= István Szelmár =

Slovene Roman Catholic priest and writer

István Szelmár, also known in Slovene as Števan Selmar (23 October 1820 – 15 February 1877) was a Slovene Roman Catholic priest and writer in the Kingdom of Hungary.

His original surname was Szlámár (Slamar). His father's name was Mihály Szlámár. However, in the historical Wendic March (the modern Prekmurje and Vendvidék) the Slovene names of the population were frequently altered, insofar as they were registered by the Hungarian authorities, which often misspelled them.

Szelmár was born in Grad (Felsőlendva), and was ordained on 20 July 1845, in Szombathely. From 1845 to 1846 he served as chaplain in Črenšovci, and between 1856 and 1860 in Turnišče. In 1860 he became priest in Kančevci, and in the end of 1876 he was retired. He died in Ivanovci.

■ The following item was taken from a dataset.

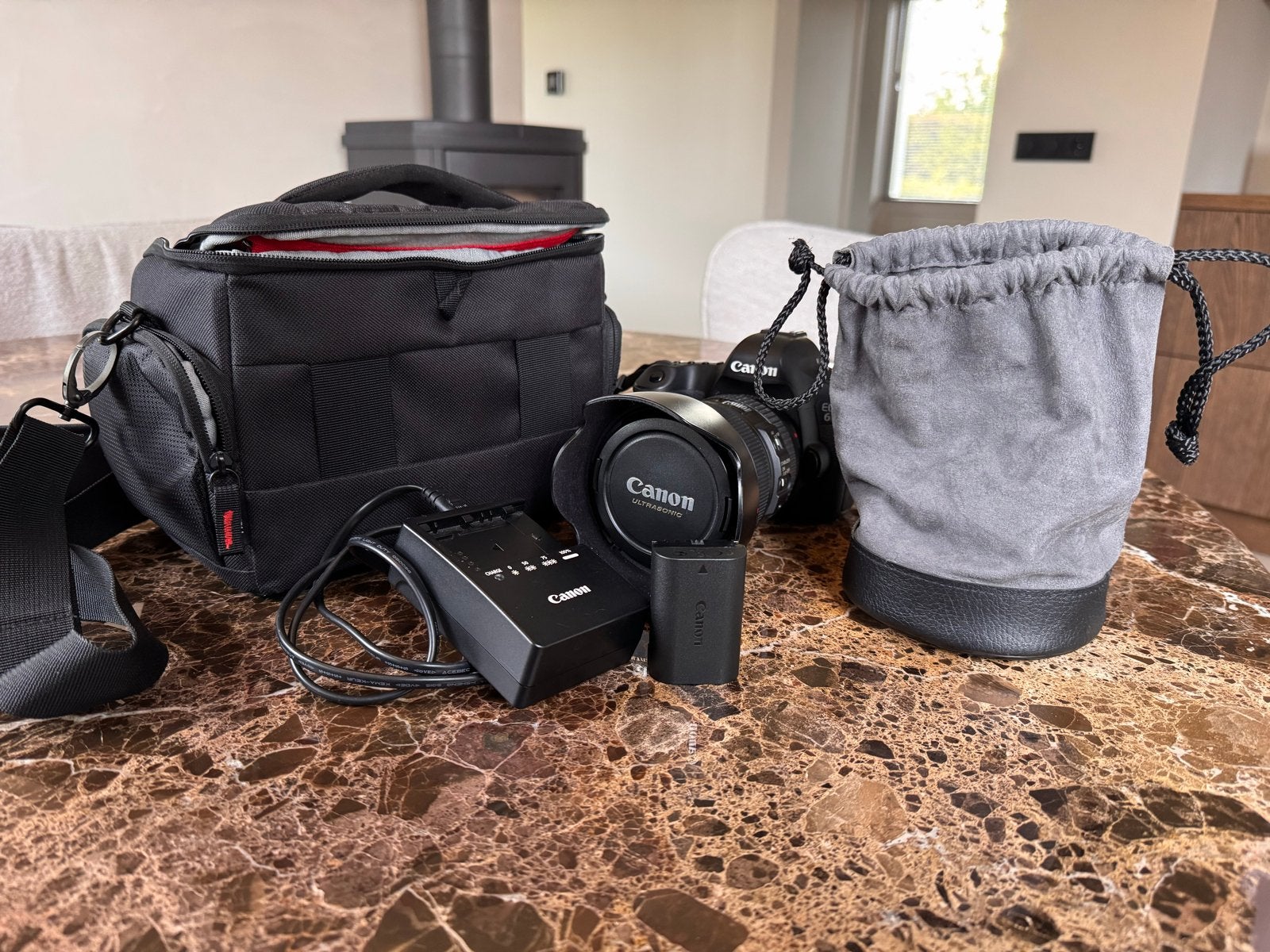 Canon EOS 6D met EF 24-105mm f/4L IS USM lens en accessoires, Audio, Tv en Foto, Fotocamera's Digitaal, Gebruikt, Spiegelreflex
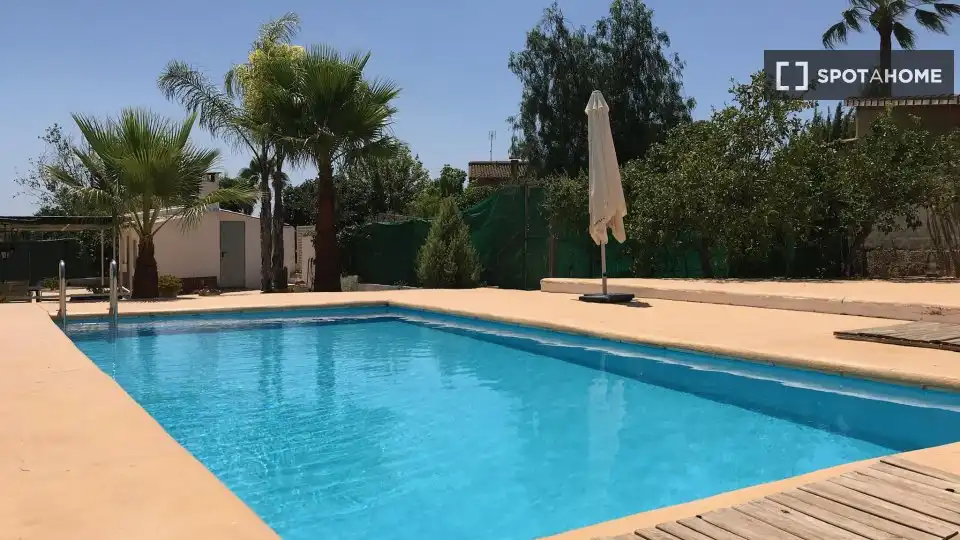 Piscina de Piso de alquiler en La Pobla de Vallbona con Aire acondicionado, Calefacción y Amueblado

He wrote books in the Prekmurje Slovene of Slovene, and was thus an influential representative of the local Slovene literature in the Kingdom of Hungary. In 1873 he translated the Hungarian book by Alajos Róder Bibliai Történetek (History of the Bible). The Slovenian translation is called Zgodbe Sztaroga i Nóvoga Zákona (Stories of the Old and New Testament).

==Works==
- Zgodbe Sztaroga i Nóvoga Zákona, za s'olszko detczo poleg knige Roder Alajosa na sztari szlovenszki jezik prenesene. Vödane po drüstvi szvetoga Stevana. Z- dopüsztsényem V. p. g. Szombotelszkoga püspeka. V- Jagri (Erlau). Stamp Archi Lyceo 1873.